§ **Exercise**:
Among the entries below, find the line with "Grassroots Books by null", then quote it and each following line up to and including the line with "NGK火花塞DR5H适用于船", and nothing else.

§ **Records supplied**:
....
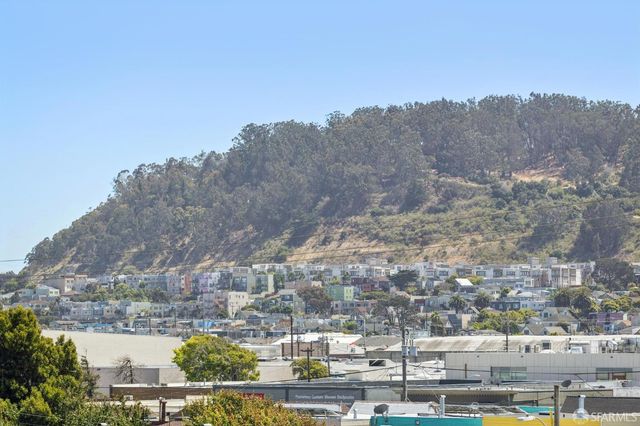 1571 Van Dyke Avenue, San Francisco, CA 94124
....
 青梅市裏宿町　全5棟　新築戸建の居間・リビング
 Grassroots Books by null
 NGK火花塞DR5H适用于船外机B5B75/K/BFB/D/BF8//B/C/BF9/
....
§ **Exercise output**:
 Grassroots Books by null
 NGK火花塞DR5H适用于船外机B5B75/K/BFB/D/BF8//B/C/BF9/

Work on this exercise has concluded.